Bimodal pattern of AMI onset: morning and night-time peaks

AMI onset in our large patient cohort generally followed a circadian pattern that was characterised by a high and sharp morning peak and a lower and less-defined sharp night-time peak (figure 1), a finding that is consistent with the results of previous investigations.1–7 Interestingly, the time of two peaks shifted in a synchronous fashion during weekdays; the secondary peaks generally occurred around 11–12 h after the morning peaks on Monday through Friday (figure 2). For example, AMI onset exhibited early morning and night-time peaks on Monday and Thursday, whereas that on Tuesday exhibited late morning and night-time peaks. Although this finding is partly consistent with the observation of Peters et al,5 who reported that a secondary peak in AMI onset occurs 11–12 h after waking, the present study first demonstrated that this synchrony was present on weekdays, but absent on weekends.

Several physiological processes are considered to contribute to the bimodal pattern of AMI onset. For example, Stergiou et al12 demonstrated that the two-peak diurnal variation in stroke onset occurs in parallel with variation in blood pressure, pulse rate and physical activity.

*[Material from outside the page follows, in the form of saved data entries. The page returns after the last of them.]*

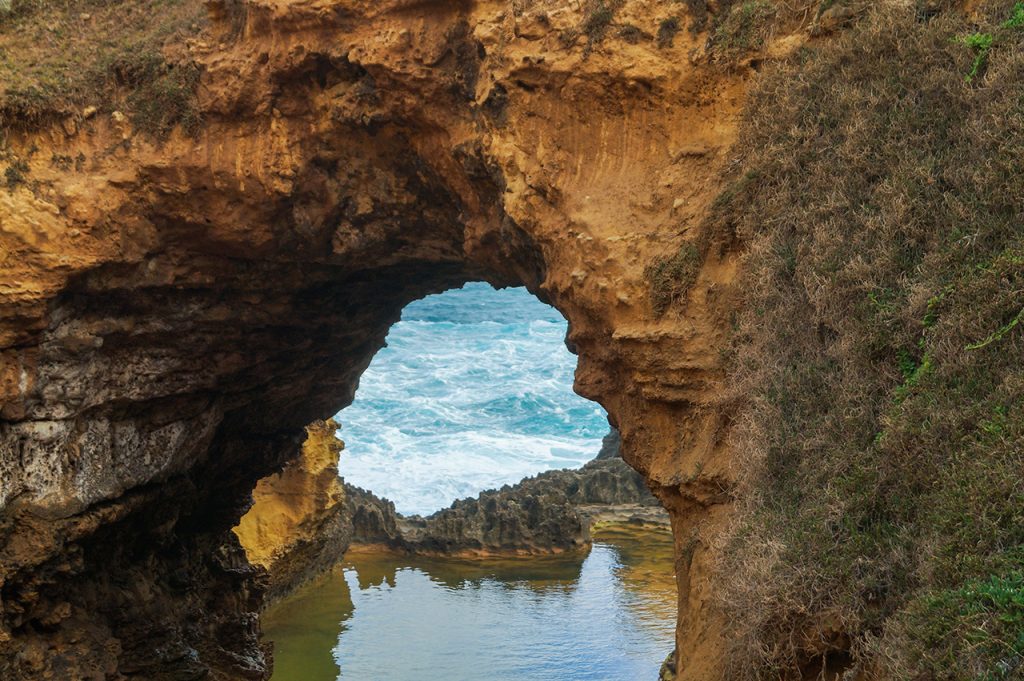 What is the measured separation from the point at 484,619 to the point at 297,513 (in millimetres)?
4908

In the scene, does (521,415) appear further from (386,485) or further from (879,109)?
(879,109)

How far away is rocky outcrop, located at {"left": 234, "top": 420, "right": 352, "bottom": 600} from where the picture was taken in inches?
855

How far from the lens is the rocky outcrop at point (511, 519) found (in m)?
26.0

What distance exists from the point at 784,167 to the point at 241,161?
615cm

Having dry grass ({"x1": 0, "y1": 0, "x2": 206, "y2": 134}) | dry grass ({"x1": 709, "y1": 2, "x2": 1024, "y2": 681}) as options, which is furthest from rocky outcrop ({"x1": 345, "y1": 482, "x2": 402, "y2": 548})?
dry grass ({"x1": 709, "y1": 2, "x2": 1024, "y2": 681})

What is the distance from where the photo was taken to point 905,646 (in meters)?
5.49

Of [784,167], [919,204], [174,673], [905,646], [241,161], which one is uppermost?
[241,161]

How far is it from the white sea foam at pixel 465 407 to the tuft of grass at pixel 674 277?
29.6m

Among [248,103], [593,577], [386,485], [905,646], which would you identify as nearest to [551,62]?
[248,103]

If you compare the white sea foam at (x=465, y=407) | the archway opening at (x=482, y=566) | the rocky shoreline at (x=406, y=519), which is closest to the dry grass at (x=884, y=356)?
the archway opening at (x=482, y=566)

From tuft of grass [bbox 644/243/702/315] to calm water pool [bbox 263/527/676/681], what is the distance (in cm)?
892

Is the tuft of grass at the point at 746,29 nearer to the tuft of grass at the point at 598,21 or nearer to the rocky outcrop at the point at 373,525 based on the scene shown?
the tuft of grass at the point at 598,21

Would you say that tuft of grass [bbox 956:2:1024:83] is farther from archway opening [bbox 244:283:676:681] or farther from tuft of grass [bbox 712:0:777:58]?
archway opening [bbox 244:283:676:681]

Thus, the bimodality of blood pressure and heart rate13 14 is the most likely explanation for the circadian patterns of AMI onset observed in the present study. A greater morning surge of blood pressure and heart rate13 may explain why the night-time peak of AMI onset was lower and less-defined than the morning peak. In addition, increased blood viscosity15 and thrombogenicity due to morning hypercoagulability16 and hypofibrinolysis17 also likely increased the frequency of AMI onset in the morning. It is also possible that external factors, such as physical exertion and mental stress, could be triggers for the morning onset of AMI.18 In the present study, the younger (<65 years old), working, male and smoker subpopulations had a sharp morning peak of AMI onset compared with the elderly, non-working, female and non-smoking subpopulations (figure 3B, C, F, G). The sharpness of the morning peak might be related to increased susceptibility to physical and mental stress in these subpopulations, when they are more likely to start activities or go to work soon after waking up. Similarly, the sharp and early morning peak of AMI onset that was detected on Monday may be due to the increased physical and mental stress that is associated with the first morning of the week (figure 2). We also found that the morning peak occurred latest on Sunday (figure 2). Together, these findings strongly suggest that mental and physical activity and/or stress may act as a trigger for the morning onset of AMI.

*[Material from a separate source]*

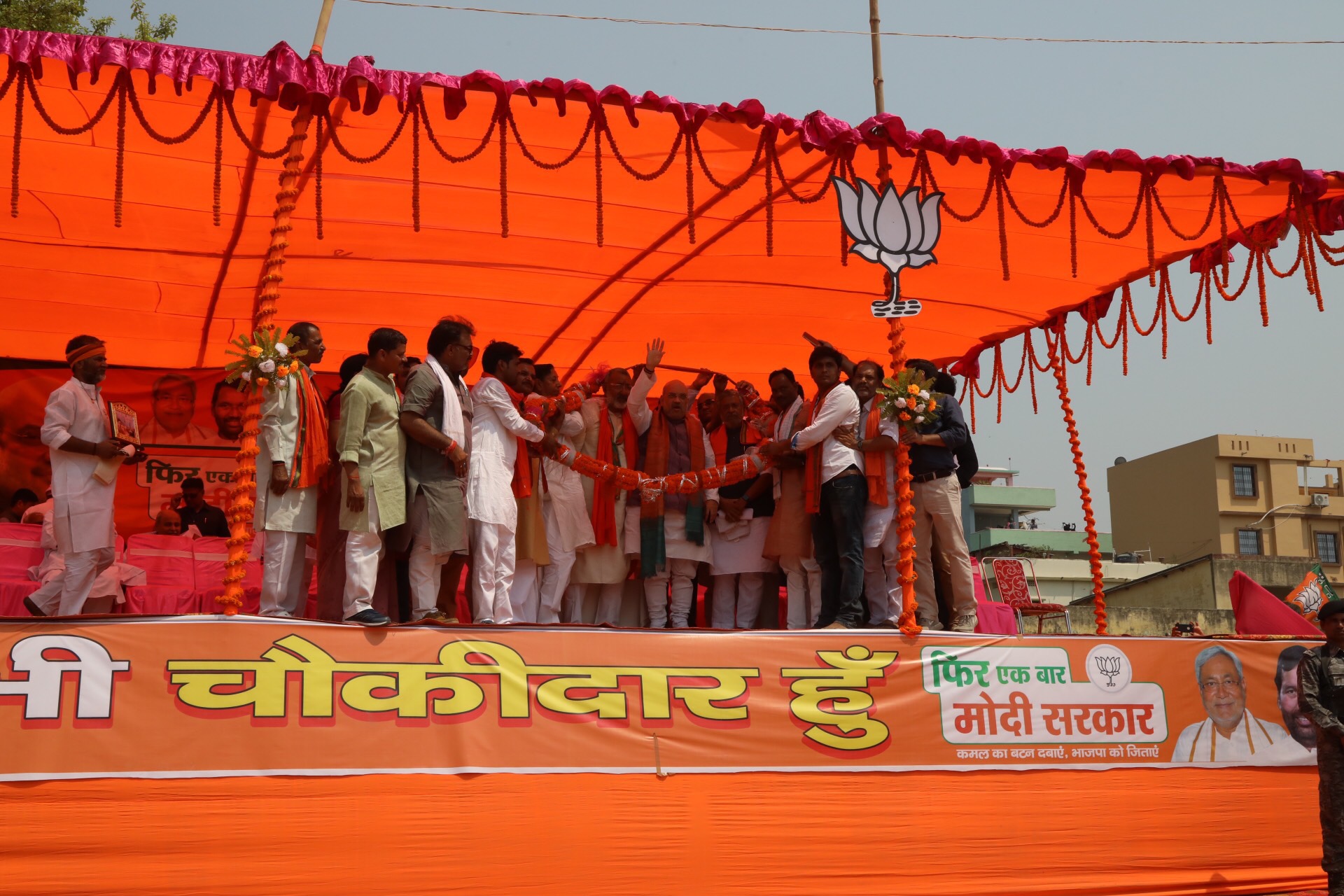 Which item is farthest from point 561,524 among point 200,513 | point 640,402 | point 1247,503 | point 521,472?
point 1247,503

Although many reports have examined the primary peak of AMI onset, relatively little attention has been paid to the secondary peak. We demonstrated that drinkers had a higher, sharper and later night-time peak of AMI onset than non-drinkers (figure 3D). Moreover, the night-time peak on Saturday was the highest and sharpest among the 7 days of the week (figure 2). This observation may be explained by the fact that people might likely consume alcohol and engage in social activities on Saturday night in Japan. Thus, these evening activities can result in increased sympathetic nerve activity and therefore may have contributed to the increased frequency of AMI onset at night. Taken together, our findings suggest that the morning and night-time peaks of AMI onset are influenced by physiological and socioeconomic factors.

Associations of lifestyle-related factors with the circadian patterns of AMI onset

Many previous studies on the circadian pattern of AMI onset considered gender, age, working status as potential factors affecting the circadian patterns of AMI onset.1 4–6 We additionally incorporated laboratory data, disease and other socioeconomic factors into our analyses and found that several lifestyle-related factors, including admission serum TG and blood glucose levels, age, gender, working status and smoking and drinking habits had statistically significant associations with the circadian pattern of AMI onset. Among these factors, elevated serum TG levels (≥150 mg/dL) on admission had the largest associations with the circadian patterns of AMI onset, while the amplitude of serum TG levels on admission in patients with AMI did not have circadian variation (p=0.52; supplementary figure 2).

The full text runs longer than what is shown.